Django @login_required dropping https

2019-04-21 20:56发布

I'm trying to test my Django app locally using SSL. I have a view with the @login_required decorator. So when I hit /locker, I get redirected to /locker/login?next=/locker. This works fine with http.

However, whenever I use https, the redirect somehow drops the secure connection, so I get something like https://cumulus.dev/locker -> http://cumulus.dev/locker/login?next=/locker

If I go directly to https://cumulus.dev/locker/login?next=locker the page opens fine over a secure connection. But once I enter the username and password, I go back to http://cumulus.dev/locker.

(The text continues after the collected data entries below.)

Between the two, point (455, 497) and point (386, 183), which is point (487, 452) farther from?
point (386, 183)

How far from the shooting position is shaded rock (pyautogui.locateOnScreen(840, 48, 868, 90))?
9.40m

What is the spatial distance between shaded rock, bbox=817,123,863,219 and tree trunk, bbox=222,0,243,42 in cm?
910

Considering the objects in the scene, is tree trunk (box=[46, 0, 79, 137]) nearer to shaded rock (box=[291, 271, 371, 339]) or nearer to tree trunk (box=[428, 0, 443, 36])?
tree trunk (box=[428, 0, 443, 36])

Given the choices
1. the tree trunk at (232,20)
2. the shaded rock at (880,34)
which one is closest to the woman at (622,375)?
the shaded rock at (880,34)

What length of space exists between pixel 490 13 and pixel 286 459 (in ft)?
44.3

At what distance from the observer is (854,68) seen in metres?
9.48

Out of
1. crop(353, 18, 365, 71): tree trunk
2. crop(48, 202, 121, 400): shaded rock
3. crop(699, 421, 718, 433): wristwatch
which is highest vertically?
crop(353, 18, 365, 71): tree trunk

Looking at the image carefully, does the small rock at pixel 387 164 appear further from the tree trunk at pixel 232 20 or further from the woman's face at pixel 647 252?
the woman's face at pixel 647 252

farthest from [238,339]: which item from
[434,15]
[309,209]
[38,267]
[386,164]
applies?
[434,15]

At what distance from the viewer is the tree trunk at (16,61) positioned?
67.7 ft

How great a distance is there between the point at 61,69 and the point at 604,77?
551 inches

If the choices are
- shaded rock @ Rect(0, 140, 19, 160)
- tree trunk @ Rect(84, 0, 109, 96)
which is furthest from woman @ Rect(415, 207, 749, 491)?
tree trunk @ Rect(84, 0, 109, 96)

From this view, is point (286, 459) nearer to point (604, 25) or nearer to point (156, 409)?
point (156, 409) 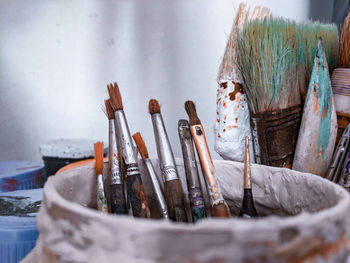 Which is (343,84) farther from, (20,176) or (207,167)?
(20,176)

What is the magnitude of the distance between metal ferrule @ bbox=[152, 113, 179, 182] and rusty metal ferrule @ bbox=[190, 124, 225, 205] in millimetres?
36

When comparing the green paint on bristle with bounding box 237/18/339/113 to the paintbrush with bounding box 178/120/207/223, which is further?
the green paint on bristle with bounding box 237/18/339/113

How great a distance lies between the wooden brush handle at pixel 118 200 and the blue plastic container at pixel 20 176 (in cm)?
53

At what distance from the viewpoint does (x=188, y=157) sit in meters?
0.43

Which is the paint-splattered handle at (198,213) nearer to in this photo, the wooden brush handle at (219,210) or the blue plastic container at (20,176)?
the wooden brush handle at (219,210)

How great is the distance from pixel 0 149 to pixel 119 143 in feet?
2.82

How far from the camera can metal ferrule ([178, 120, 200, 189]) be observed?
41 cm

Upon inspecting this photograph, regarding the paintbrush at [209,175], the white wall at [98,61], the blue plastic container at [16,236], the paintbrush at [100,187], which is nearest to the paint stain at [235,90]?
the paintbrush at [209,175]

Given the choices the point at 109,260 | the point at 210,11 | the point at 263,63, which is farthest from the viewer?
the point at 210,11

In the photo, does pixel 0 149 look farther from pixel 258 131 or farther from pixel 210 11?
pixel 258 131

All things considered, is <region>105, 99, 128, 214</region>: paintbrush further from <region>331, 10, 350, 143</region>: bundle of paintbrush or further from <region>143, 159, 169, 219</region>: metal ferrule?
<region>331, 10, 350, 143</region>: bundle of paintbrush

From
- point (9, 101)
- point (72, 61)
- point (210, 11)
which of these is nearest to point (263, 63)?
point (210, 11)

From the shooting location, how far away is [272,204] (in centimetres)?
40

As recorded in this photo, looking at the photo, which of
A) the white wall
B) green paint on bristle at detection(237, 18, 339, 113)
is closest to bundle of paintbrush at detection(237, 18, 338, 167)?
green paint on bristle at detection(237, 18, 339, 113) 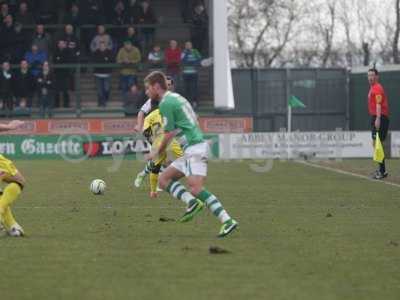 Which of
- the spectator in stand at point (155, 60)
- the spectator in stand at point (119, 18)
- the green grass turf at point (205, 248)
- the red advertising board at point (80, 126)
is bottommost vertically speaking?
the red advertising board at point (80, 126)

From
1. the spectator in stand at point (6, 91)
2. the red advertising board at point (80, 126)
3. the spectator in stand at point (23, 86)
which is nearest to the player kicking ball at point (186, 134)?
the red advertising board at point (80, 126)

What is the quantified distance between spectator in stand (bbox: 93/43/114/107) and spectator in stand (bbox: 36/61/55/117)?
1689mm

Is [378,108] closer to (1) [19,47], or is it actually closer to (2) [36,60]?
(2) [36,60]

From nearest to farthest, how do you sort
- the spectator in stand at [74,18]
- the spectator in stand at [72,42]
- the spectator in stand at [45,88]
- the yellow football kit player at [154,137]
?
the yellow football kit player at [154,137] → the spectator in stand at [45,88] → the spectator in stand at [72,42] → the spectator in stand at [74,18]

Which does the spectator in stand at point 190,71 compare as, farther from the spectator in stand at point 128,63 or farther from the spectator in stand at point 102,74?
the spectator in stand at point 102,74

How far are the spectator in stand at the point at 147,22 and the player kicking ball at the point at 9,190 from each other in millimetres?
25611

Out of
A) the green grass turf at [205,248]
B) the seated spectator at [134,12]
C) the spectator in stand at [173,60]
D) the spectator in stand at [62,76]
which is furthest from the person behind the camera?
the seated spectator at [134,12]

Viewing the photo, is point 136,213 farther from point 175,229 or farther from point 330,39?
point 330,39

I'm using Nginx to handle the SSL, which then talks to runserver. My nginx config is

upstream app_server_djangoapp {
server localhost:8000 fail_timeout=0;
}

server {
listen 80;
server_name cumulus.dev;

access_log  /var/log/nginx/cumulus-dev-access.log;
error_log  /var/log/nginx/cumulus-dev-error.log info;

keepalive_timeout 5;

# path for static files
root /home/gaurav/www/Cumulus/cumulus_lightbox/static;

location / {
    proxy_set_header X-Forwarded-For $proxy_add_x_forwarded_for;
    proxy_set_header Host $http_host;
    proxy_redirect off;

    if (!-f $request_filename) {
        proxy_pass http://app_server_djangoapp;
        break;
    }
}
}

server {
listen 443;
server_name cumulus.dev;

ssl on;
ssl_certificate /etc/ssl/cacert-cumulus.pem;
ssl_certificate_key /etc/ssl/privkey.pem;

access_log  /var/log/nginx/cumulus-dev-access.log;
error_log  /var/log/nginx/cumulus-dev-error.log info;

keepalive_timeout 5;

# path for static files
root /home/gaurav/www/Cumulus/cumulus_lightbox/static;

location / {
    proxy_set_header X-Forwarded-For $proxy_add_x_forwarded_for;
    proxy_set_header X-Forwarded-Ssl on;
    proxy_set_header Host $http_host;
    proxy_redirect off;

    if (!-f $request_filename) {
        proxy_pass http://app_server_djangoapp;
        break;
    }
}
}

1条回答
\"骚年 ilove
2楼-- · 2019-04-21 21:38

Django is running on plain HTTP only behind the proxy, so it will always use that to construct absolute URLs (such as redirects), unless you configure it how to see that the proxied request was originally made over HTTPS.

As of Django 1.4, you can do this using the SECURE_PROXY_SSL_HEADER setting. When Django sees the configured header, it will treat the request as HTTPS instead of HTTP: request.is_secure() will return true, https:// URLs will be generated, and so on.

However, note the security warnings in the documentation: you must ensure that the proxy replaces or strips the trusted header from all incoming client requests, both HTTP and HTTPS. Your nginx configuration above does not do that with X-Forwarded-Ssl, making it spoofable.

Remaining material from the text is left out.